Search code examples
bashsedfindzcat

Using zcat and sed in find -exec


I need to create a big text file using the contents of several gzipped files with a specific name pattern. To do that I used:

find . -name '*dna.toplevel.txt.gz' -exec zcat {} >> all.txt \;

and it worked just fine. The problem is, now I need to edit the text on the fly to substitute a specific character ">" with ">filename|". I've managed to cook this up:

find . -name '*dna.toplevel.txt.gz' -exec zcat {} | sed 's/>/>{}|/g' >> all.txt \;

But I am getting the following errors:

  • sed: can't read ;: No such file or directory
  • find: missing argument to `-exec'

I understand poor bash is confused because I did not specify correctly where each command ends, but I have no idea how to do it right.


Solution

  • -exec takes a simple command and its arguments; it does not handle shell constructs like pipes or redirections at all. Your original command is identical to

    find . -name '*dna.toplevel.txt.gz' -exec zcat {} \; >> all.txt
    

    since the shell recognizes the output redirection immediately and removes it from the command line before identifying the command (find) and its arguments.

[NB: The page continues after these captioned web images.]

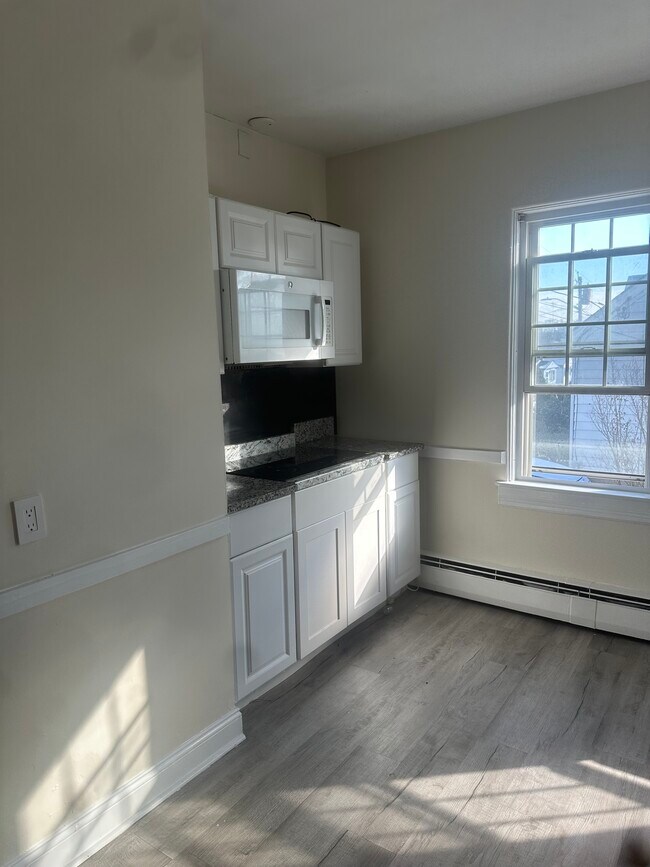 66 Swift St in Providence, RI - Building Photo - Building Photo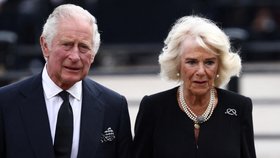 Král Karel III. a královna Camilla.
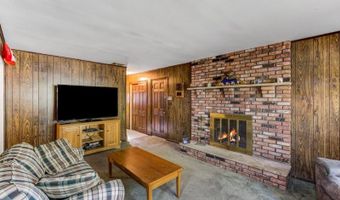 9 Crest Hill Dr, Alloway, NJ 07461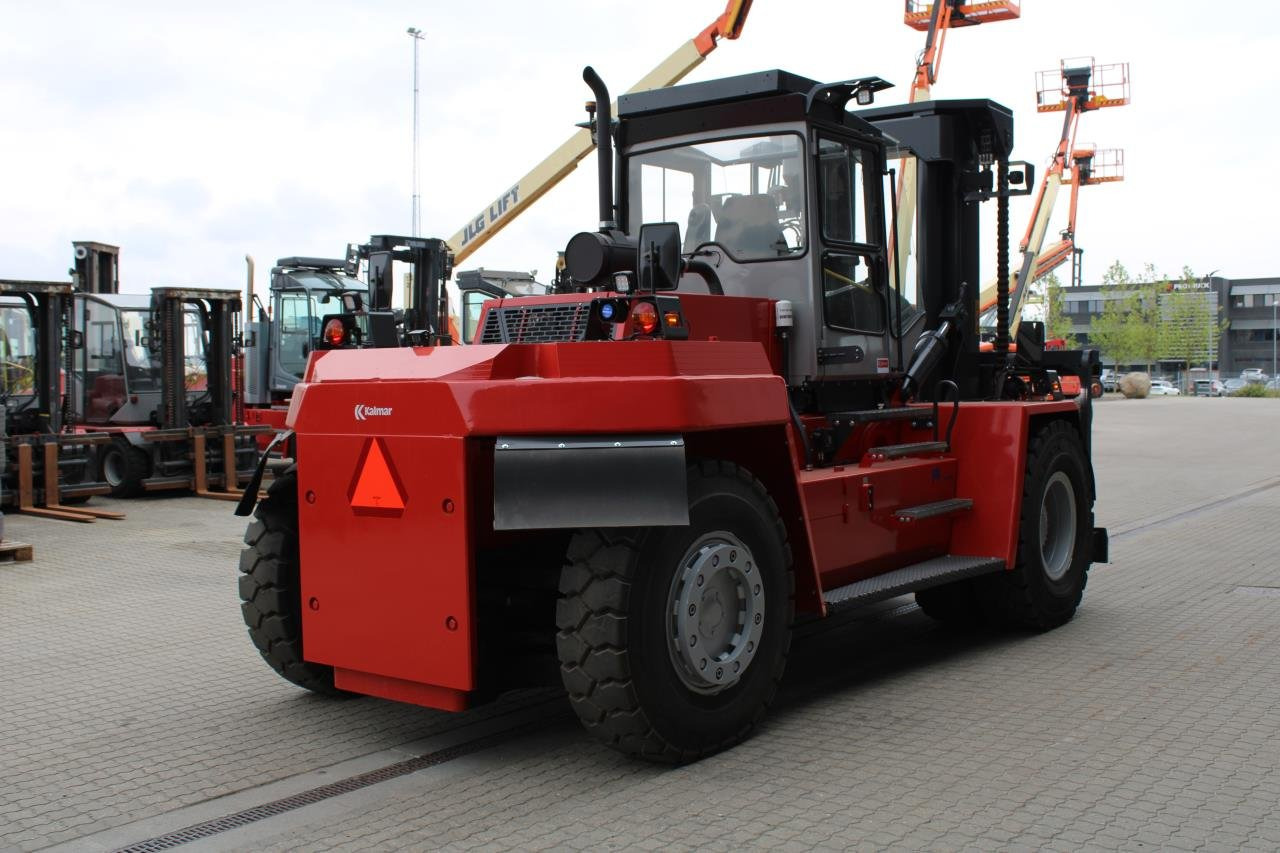 Kalmar DCD200-12LB - Pirun më naftë: foto 3 Kalmar DCD200-12LB - Pirun më naftë: foto 3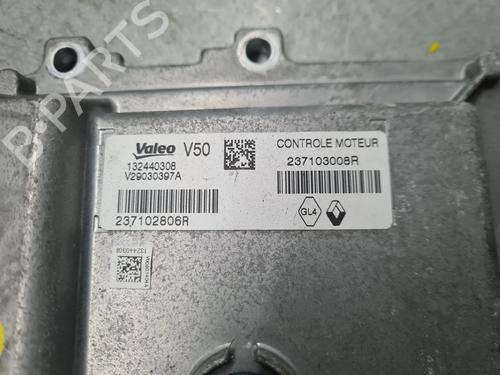 Engine control unit (ECU) DACIA SANDERO II TCe 90 (B8M1, B8MA, B8AC) | BP31994552M57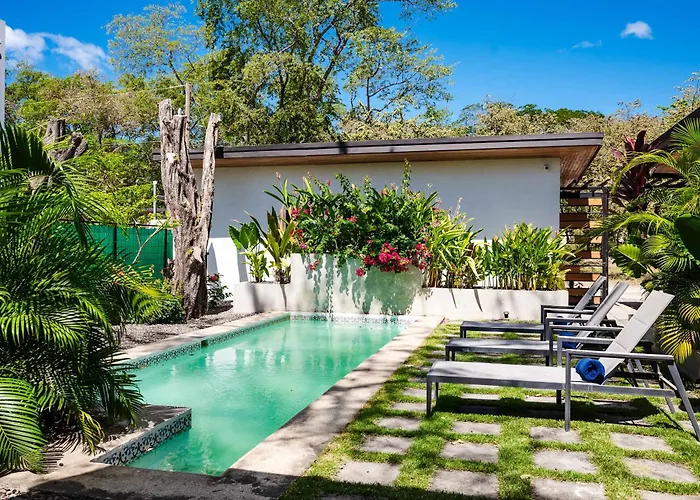 Serenity 2 Bedroom 1 Min Walk To The Holiday home *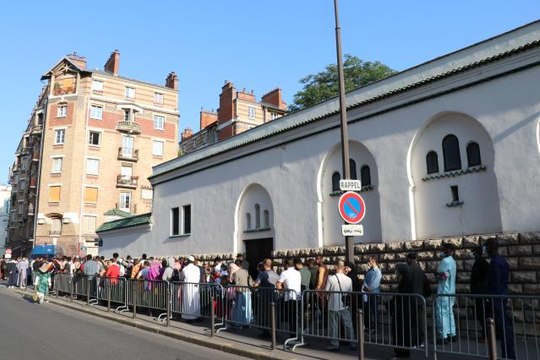 Fransa'da Müslümanlar Kurban Bayramı'nı coşkuyla kutluyor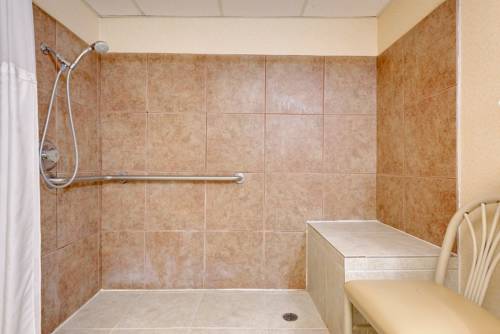 Imagen de la habitación del Hotel Ramada By Wyndham Cleveland Airport West. Foto 13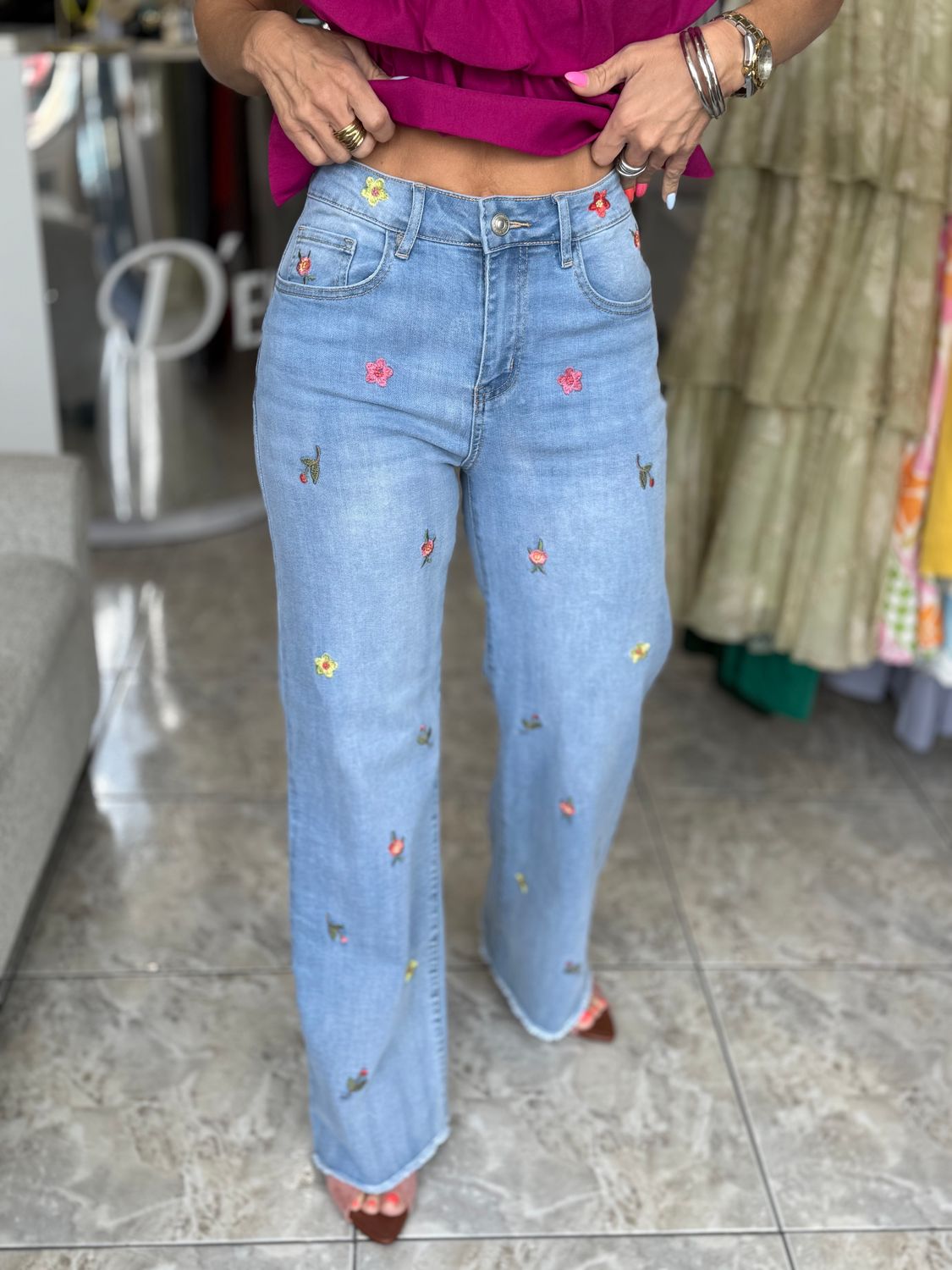 Medium Flower Detail Jeans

    Since sed requires the filename from find as part of its command, you'll need to run a shell that takes the pipeline as an argument via the -c option.

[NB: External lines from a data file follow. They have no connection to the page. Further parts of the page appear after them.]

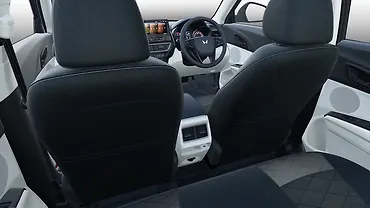 महिंद्रा XUV 3XO रियर रो एयर वेंट महिंद्रा XUV 3XO रियर रो एयर वेंट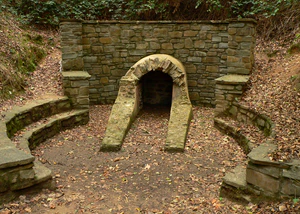 Römerkanal-Wanderweg Aufschluss Buschhoven von rechts.jpg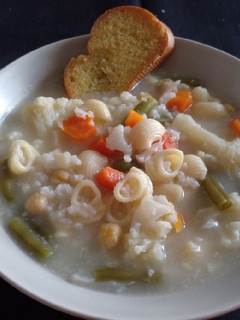 Una foto de Minestrone con pasta y coliflor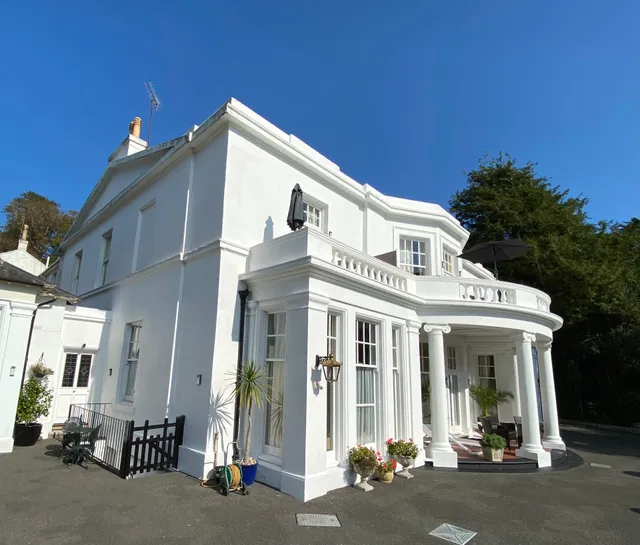 Vomero Holiday Apartments, Torquay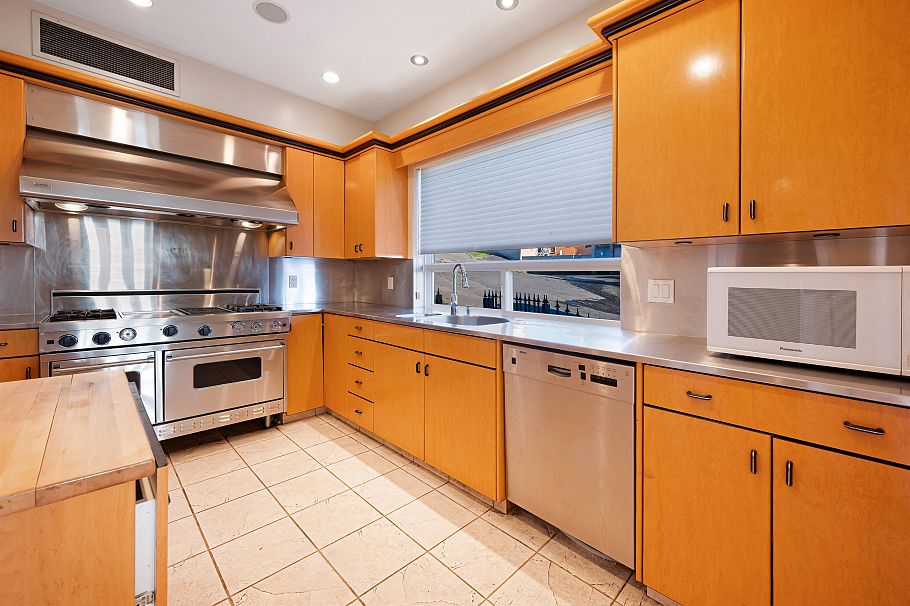 2195 Harrison Street Vancouver, BC - 9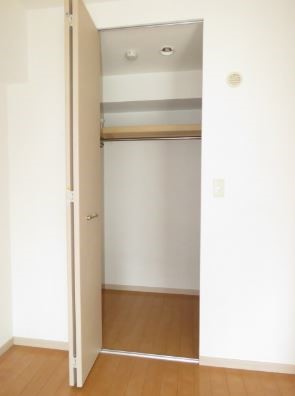 クレストｆ室見 収納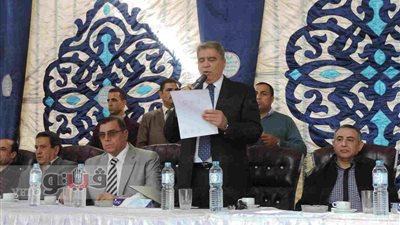 بالصور.. الكفن ينهي خصومة ثأرية بين عائلتين بالفيوم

    find . -name '*dna.toplevel.txt.gz' -exec \
      sh -c "zcat {} | sed 's/>/>{}|/g'" \; >> all.txt
    

    There are a few problems with this approach; fixing them requires making the sh command quite a bit more complicated. If you are using bash 4 or later, I'd recommend ditching find altogether and using a shell loop along with the ** glob:

    shopt -s globstar
    for f in ./**/*dna.toplevel.txt.gz; do
        zcat "$f" | sed "s|>|>$f|g"
    done >> all.txt
    

    If this command is creating all.txt, you can simply use > instead of >>. This also assumes that $f won't contain any | characters; if it does, you'll need to choose a different delimiter.